The actual race wasn’t very memorable for either driver. Gordon crashed early and completed only 164 of 328 laps. Petty made 95 laps but was running at the finish after being involved in a wreck.

Petty: “I don’t remember that much about it. We were running back there with Darrell (Waltrip) and two or three guys, and I don’t know if I messed up or they messed up coming off of 4. Got in a wreck and (the car) caught on fire. I drove down in the first corner, pulled up beside the fire truck. This is true. The guys got out of the fire truck, come over and want my autograph. I said, ‘Man, the car’s burning!’ You always hear the deal everyone wants to go out in a blaze of glory. I just went out in a blaze. Wasn’t no glory.

“The car was tore all to pieces. The crew said we’ve got to get him out there to finish the race. They worked a third of the race on it. I can remember I got out of the car, got up in the (team) truck, and we all had a good cry (with his wife, Lynda, and daughters). They was glad it was all over with, and then the guys said, ‘Get your helmet, we’re going to put you back on the track.’ Probably 10 laps to go, we just pulled up to the pit area and just sat there (until) a couple of laps to go, because we know we couldn’t run fast, and we still were having a heck of a race for the championship. So I just rode around a couple of slow laps. In the rundown, it shows I finished the race. That was a victory for the crew.”

Hooters 500

HAMPTON, GA - NOVEMBER 15, 1992: Richard Petty’s driving career ended at Atlanta International Raceway’s 1992 Hooters 500 when The King’s Pontiac crashed, resulting in this fire. The blaze was extinguished, Petty was unhurt and finished 35th in the final race of his legendary career. (Photo by ISC Archives/CQ-Roll Call Group via Getty Images)

ISC Archives/CQ-Roll Call Group

Gordon: “(The race) wasn’t long! It kind of went a lot like the rest of the weekend. We were super fast. Had a great car. I remember us moving forward in the race. In Atlanta back then, super fast and a different configuration, I remember how free you had to start the cars on a full load of fuel. These are big sweeping fast corners at Atlanta. And you just hold onto it until the car starts to tighten up and lead off the front and then you go. Well, I didn’t make it that far. My early times in stock cars in general was (about), ‘Is it tight enough?’ Everybody else told me you want the car to be neutral, which I was used to in a sprint car, but you didn’t want to be neutral on Lap 5. You wanted to be on Lap 25. So I spent a lot of time backing into a lot of things, and that’s the way that day went. All I remember is just hanging on for the first several laps of a run and then unfortunately backing into the wall early in the race and ended my day. Turn 1 and 2. I’ll never forget that.”

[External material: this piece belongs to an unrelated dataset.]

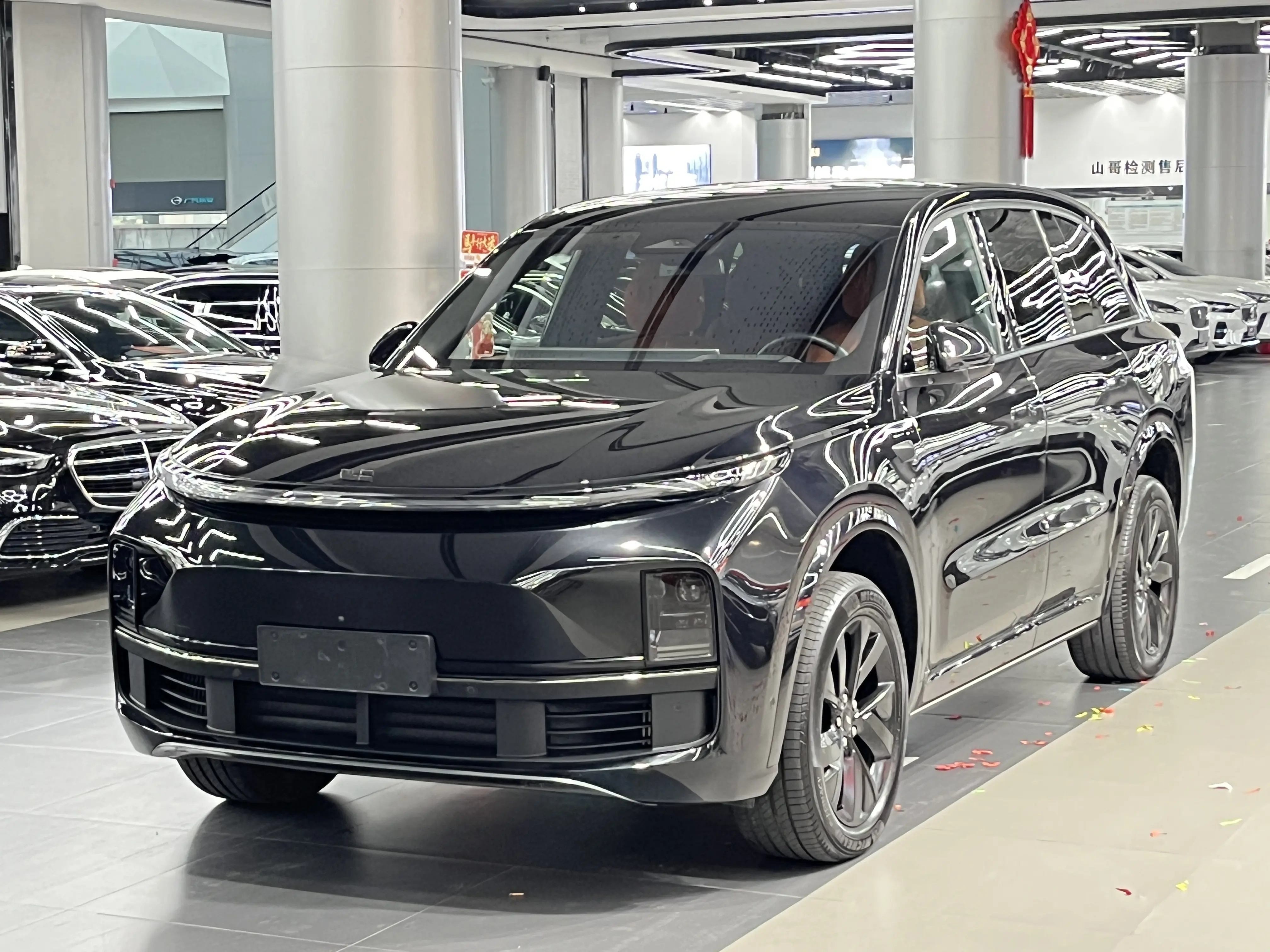 Li L8 (Ideal L8)  из Китая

Gordon also had vivid memories of a prerace drivers meeting that included several dignitaries and a present for the drivers in the field from “The King.”

Gordon: “(What) stands out the most for me was the drivers meeting. I feel like I finally made it, and here I am in this drivers meeting with all these great drivers, and because of Richard’s final race, it was all the dignitaries, the celebrities. I’m pretty sure Burt Reynolds was there. I remember some big country music stars. It was a pageantry in itself just talking about Richard’s final race. So just to be there and witness that.

“And of course the thing I cherish with some very cool things that I’ve been able to collect over the years, which is Richard did something neat for everybody that was a part of that event. He gave out these money clips. They had your starting position on it.”

Gordon King money clip

Petty: “Wasn’t no money in them.”

Gordon: “No money, but you were giving me hope! That day, being part of it, and holding onto this. I’ve always had it in a safe place. I’ve moved houses and always held onto this. Because that day meant a lot to me. So it says on the back here, ‘Thanks for the memories, Richard Petty.’ ”

Petty had another gift for Gordon on the morning of his final Cup Series start Nov. 22, 2015 at Homestead-Miami Speedway, where the No. 24 Chevrolet could win the championship with a victory. Petty presented Gordon with 93 dollar bills, one for each of his victories.

Petty: “I told him, ‘If you win the race, I’ll give you another dollar.’ ”

Gordon: “I wanted that dollar so bad. That might be my second-favorite Richard Petty moment, because (he) didn’t have to do that. He came up, brought me a hat. He pulled out 94 $1 bills. That is the coolest thing ever.”

Though it was difficult to appreciate the impact of the 1992 season finale at Atlanta in the moment, both Gordon and Petty have developed a much deeper perspective in the past 30 years.

Petty: “When it was changing, I never thought anything about it. Now I look back at what (Gordon) accomplished, you see it was really a bigger deal than just me and him. Because the sport went into another level. After that, I think it become more commercial also. Then you got more sponsorship, you got to be known all over the United States, all over the world, because people advertised, so that made NASCAR grow. It gave them a bigger footprint. So everything changed. It wasn’t just the way we raced, the people, the way they advertised, it just changed. Looking back, it was one of the biggest changes NASCAR had over the year.”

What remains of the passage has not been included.